徳田龍之介院長の想いには、頭が下がると同時に、同行避難の素晴らしいモデルケースとして、業界としても支援をしていかねばならない。人とペットの同行避難を推進することにつながるという意味で、勉強になるケースである。

今やペットは飼い主にとってかけがいのない家族の一員である。

団体の連携について

ペット災害対策推進協会のように数団体並びに関係者から構成されるところもあるが、ほかにもさまざまな団体や組織がそれぞれの想いで支援活動を行っている。

私はこれまでの経験から、緊急時にはオールジャパン体制で支援をする組織、システムづくり、連携が必要だと考えている。近年、震災が連続して起こっていることを考えると、早急に震災対策の組織づくりが不可欠だと思う。環境省が音頭を取り、オールジャパン緊急支援体制づくりを構築していくべきだと思う。

この場合、被災地でない自治体による、人、人とペット、およびペットの受け入れも同時に考えていく必要がある。

支援金について

過去の震災でも数億円という善意のお金が集まったことは、みなさまもご存じだと思う。

これらの貴重な善意のお金を授受した団体および機関は、どのように貴重なお金を使わせていただくか、震災時を想定して普段から考えておく必要がある。また、支援していただいたみなさまに透明性を持って、使用実績の報告していくことも必要であるように思う。

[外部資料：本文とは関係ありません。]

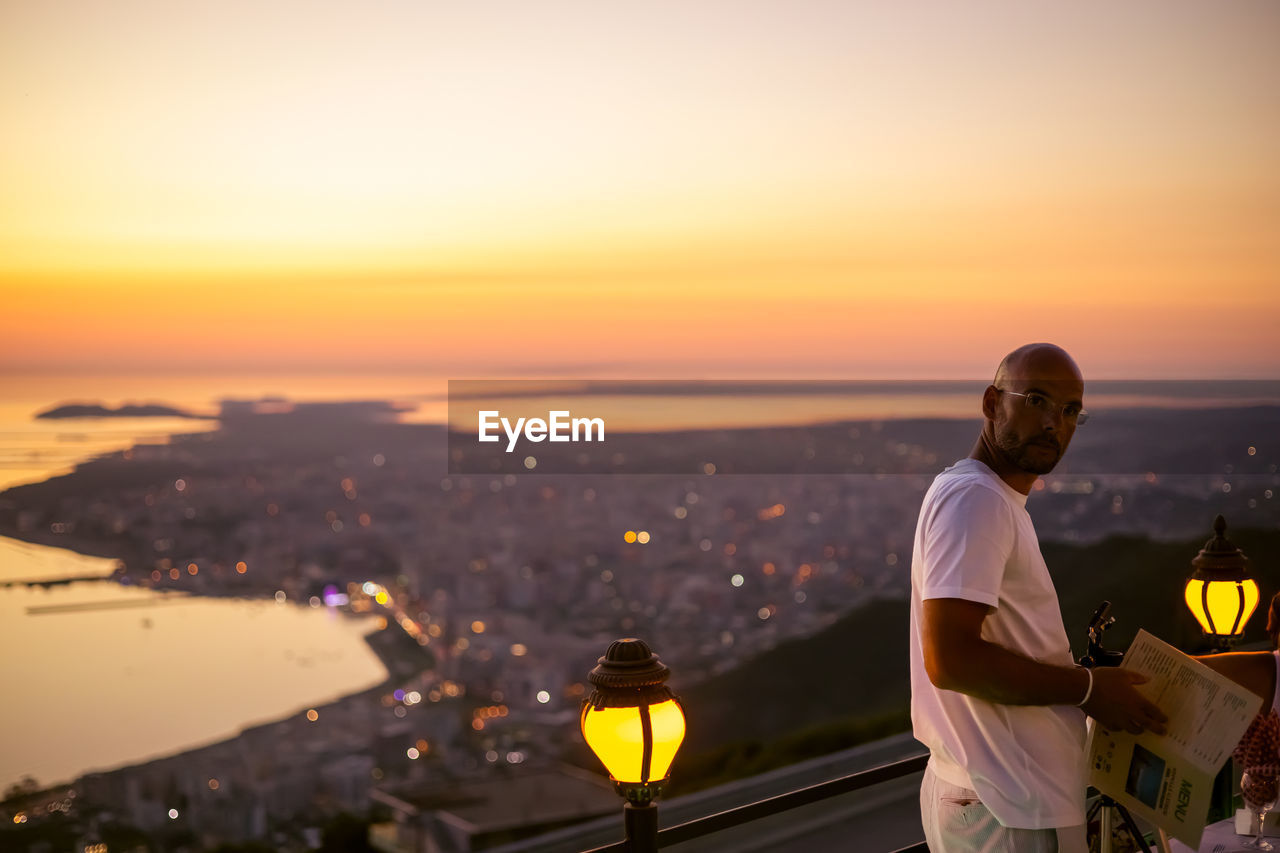 Rear view of man standing by sea against sky during sunset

募金が集まる団体もそれぞれ一番よい方法で支援しているものと信じているが、時には公に報告がないために疑いの目で見られる場合があるのは残念である。私の海外のビジネスパートナーから、最近100万円の寄付をしたいとありがたい申し出があった。人種を超えて、熊本地震の被災者とペットを助けたいという想いであり、心から感謝したいとともに貴重なお金を有効に活用させていただくとメールで返信した。持つべきものは国内外を問わず友人である。

人とペットの関係について

ペットの支援を考える場合、ややもするとペットの支援に目が行きがちだが、人とペットとの関係は切り離せない。

避難所や車内で不自由な生活を過ごしている被災者の方々の健康状態は極限に来ているようにも思われる。飼い主が健康でなければ、愛するペットのケアもできなくなる。その意味で、人とペットを同時にケアする制度づくりも大切だとつくづく感じている毎日である。今は、考えているより、いかに手を差し伸べるかが重要だ。